## WORK TASK:
Please copy exactly the lines from the one containing "2 Wall Towel Rack-98125141-98125145" to the end of the entries, both included, and nothing else. Omit every picture.

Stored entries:
■ ■ ■ ■

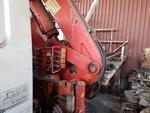 Image 30 - Iveco 109 truck with crane - Lot 45 (Auction 2504)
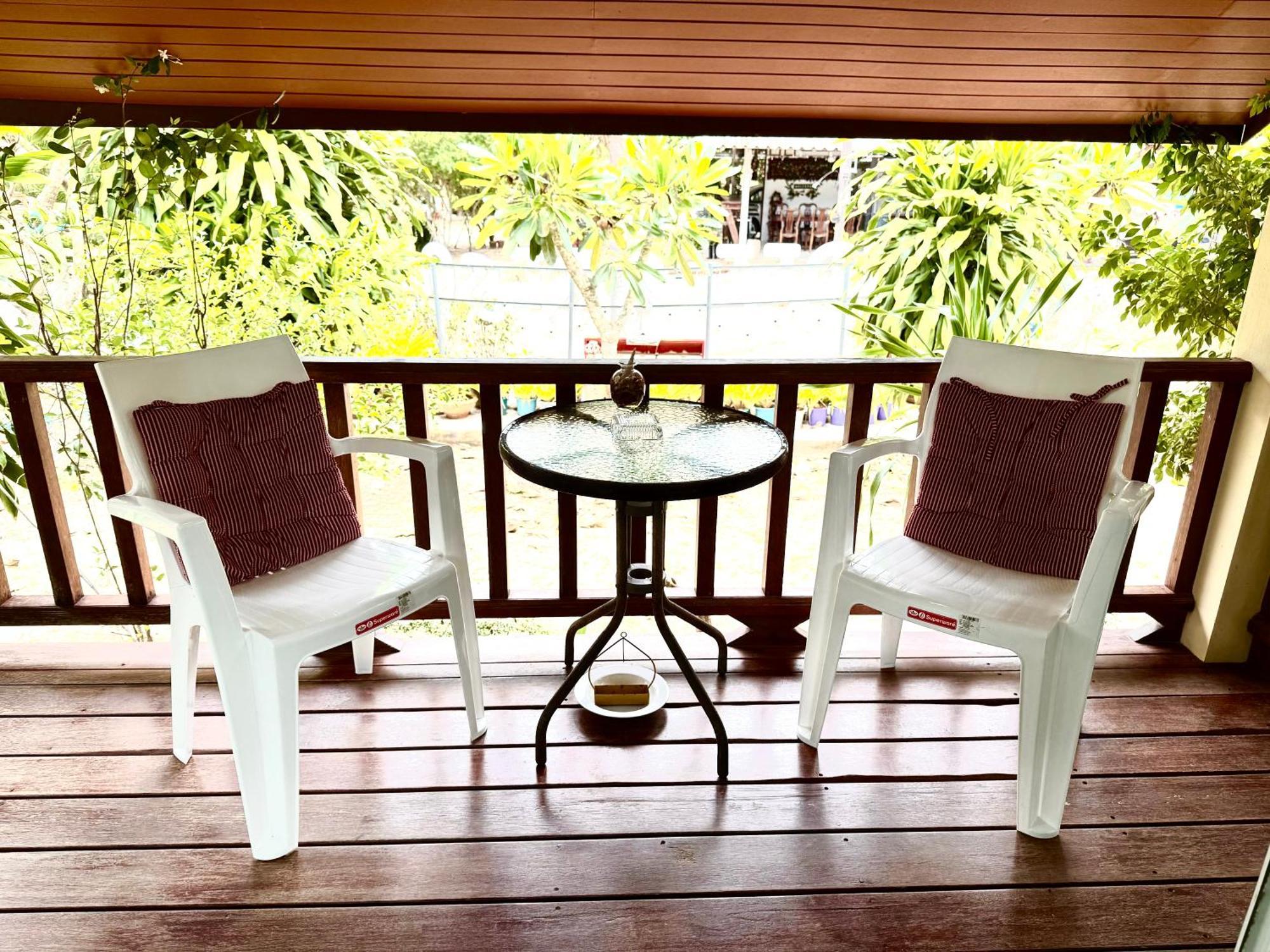 Wandee Resort Bankrut מראה חיצוני תמונה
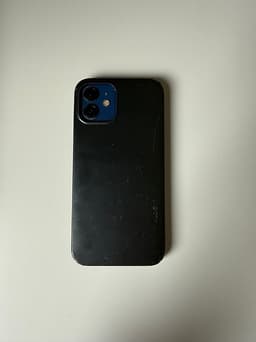 iPhone 12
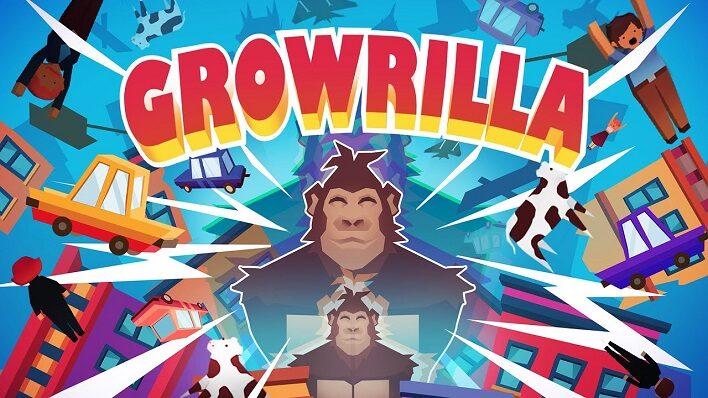 GrowRilla VR
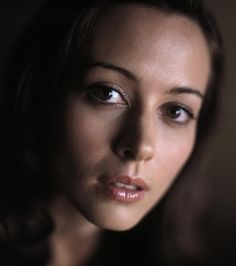 Amy Acker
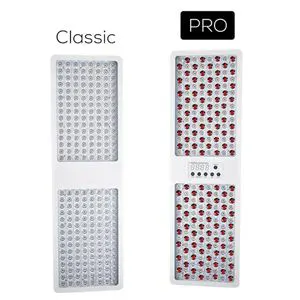 RedRush Reviews: The Ultimate Red Light Therapy Device for Overall Well-Being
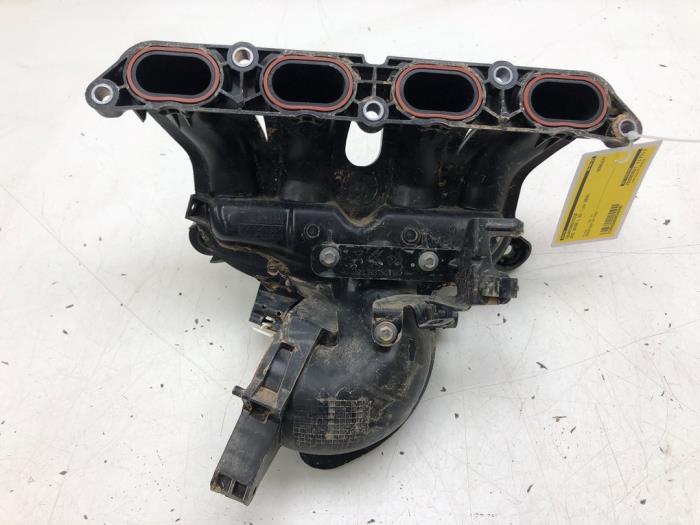 Begagnade Insugsrör Opel Astra Pris € 131,25 Marginaltabell erbjuds av Wessel Parts & Service B.V.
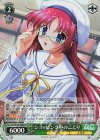 DC/W128-P08S PR ショッピング中のことり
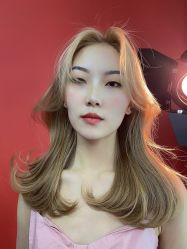 -禾曼造型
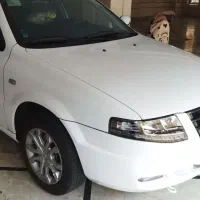 معاوضه سورن پلاس با شاهین پلاس مدل ۱۴۰۴ کم کار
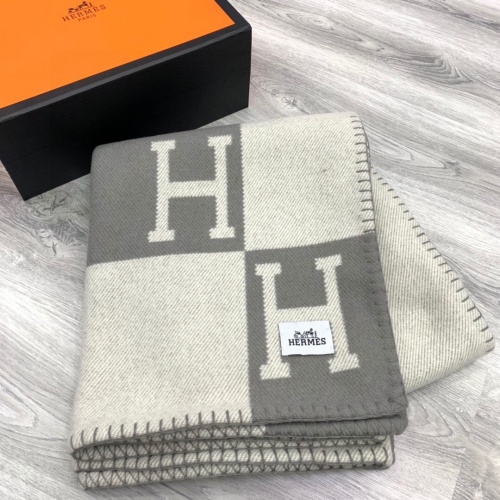 Wholesale Hermes Blankets #962090 $170.00 USD, Wholesale Quality Replica Hermes Blanket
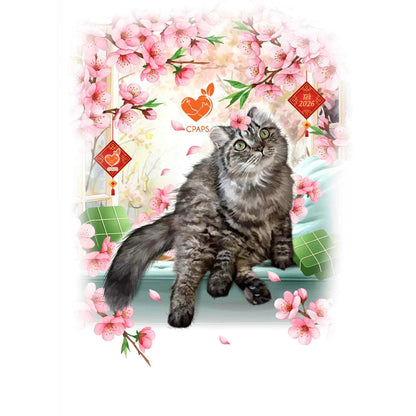 [Pre-order] Lịch 2026 Gây Quỹ Cứu Hộ Chó Mèo Việt Nam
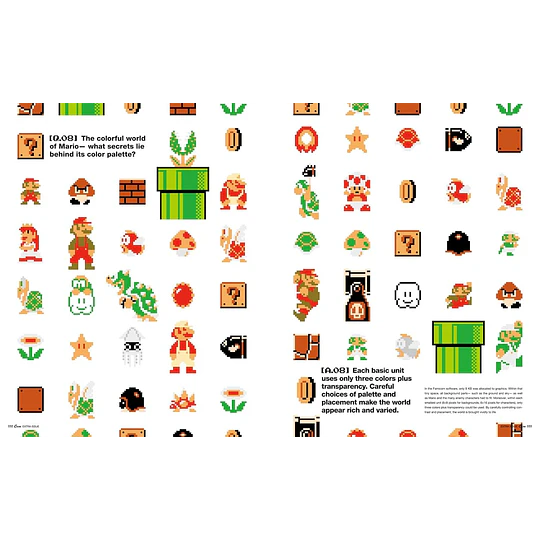 Casa BRUTUS Magazine | SUPER MARIO BROS. AND DESIGN | English Version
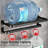 2 Wall Towel Rack-98125141-98125145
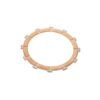 DISQUE GARNIS EMBRAYAGE ACIER DUCATI DISQUE GARNIS EMBRAYAGE ACIER DUCATI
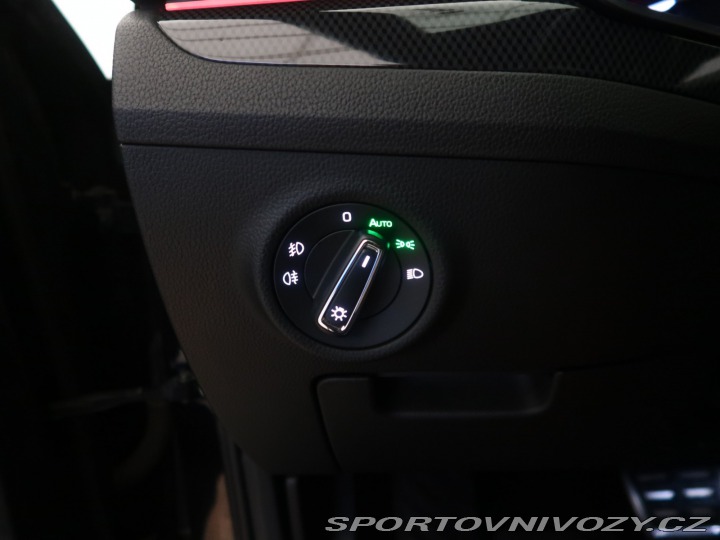 Škoda Superb Sportline 2.0 TSI 2018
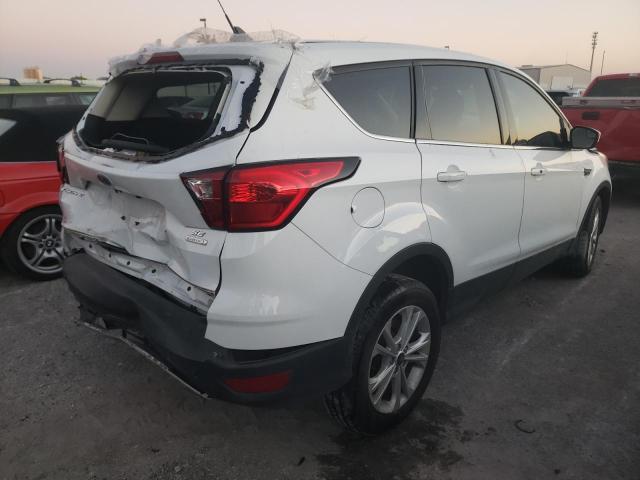 Photo 4 from auction – 2019 FORD ESCAPE SE with VIN 1FMCU0GD6KUB58229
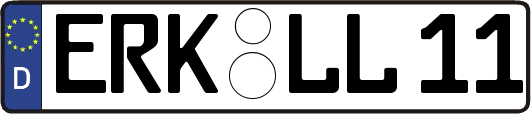 ERK-LL11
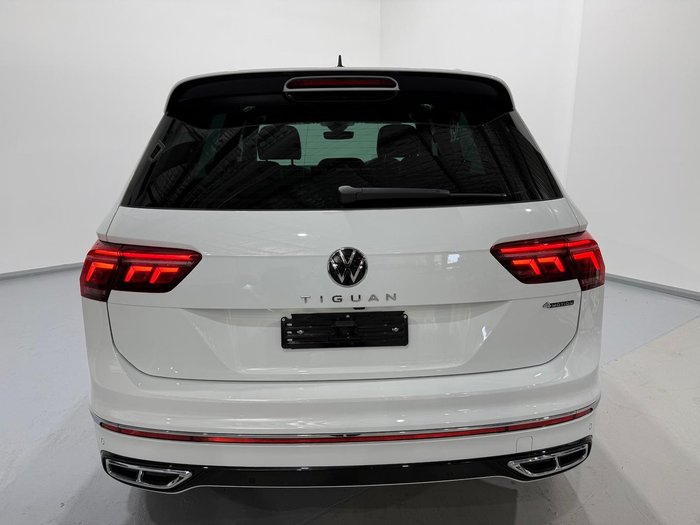 2024 Volkswagen Tiguan 162TSI R-Line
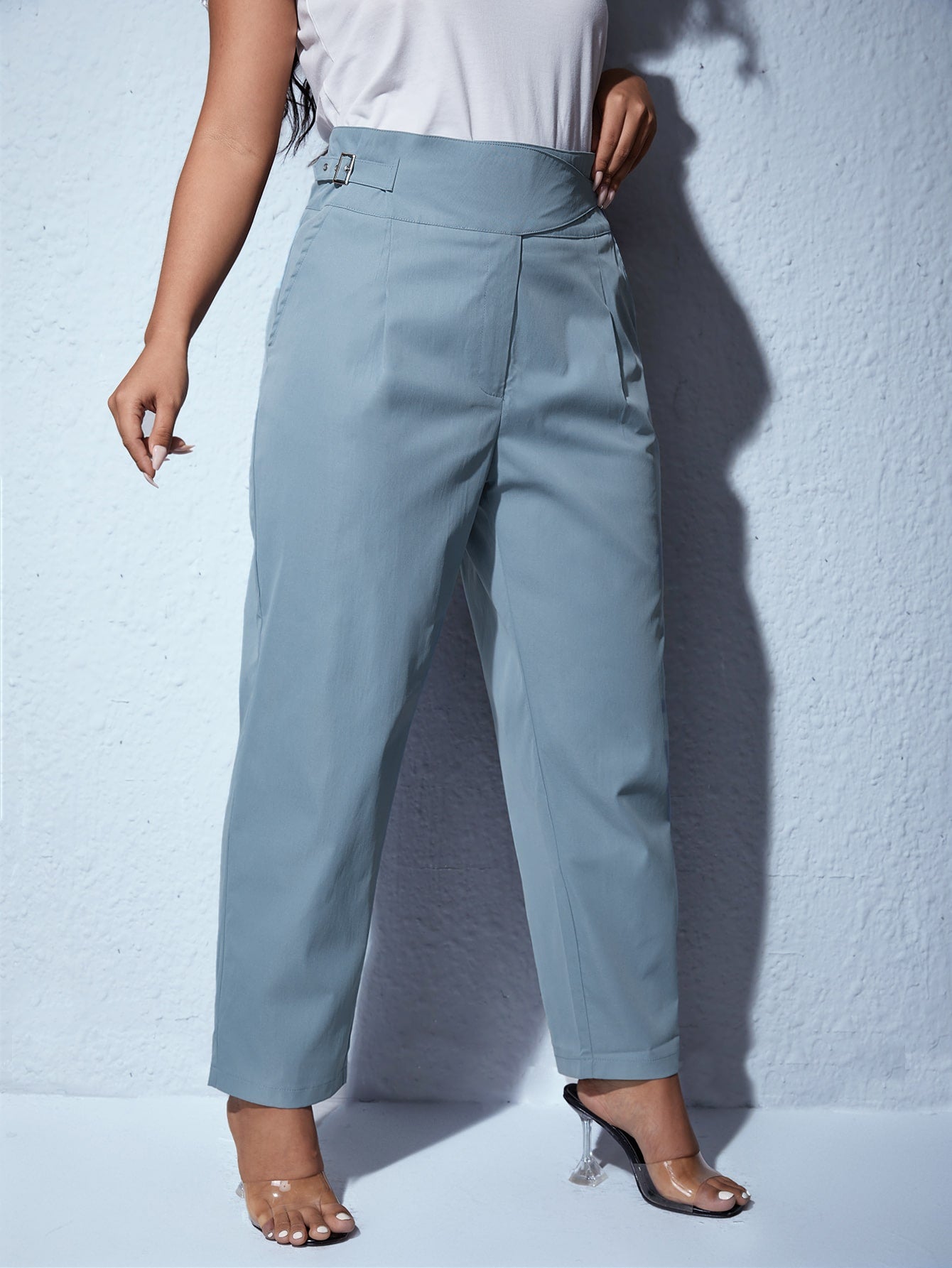 Plus Size Pants Manufacturer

■ ■ ■ ■

## OUTPUT FOR THIS TASK:
 2 Wall Towel Rack-98125141-98125145
 DISQUE GARNIS EMBRAYAGE ACIER DUCATI DISQUE GARNIS EMBRAYAGE ACIER DUCATI
 Škoda Superb Sportline 2.0 TSI 2018
 Photo 4 from auction – 2019 FORD ESCAPE SE with VIN 1FMCU0GD6KUB58229
 ERK-LL11
 2024 Volkswagen Tiguan 162TSI R-Line
 Plus Size Pants Manufacturer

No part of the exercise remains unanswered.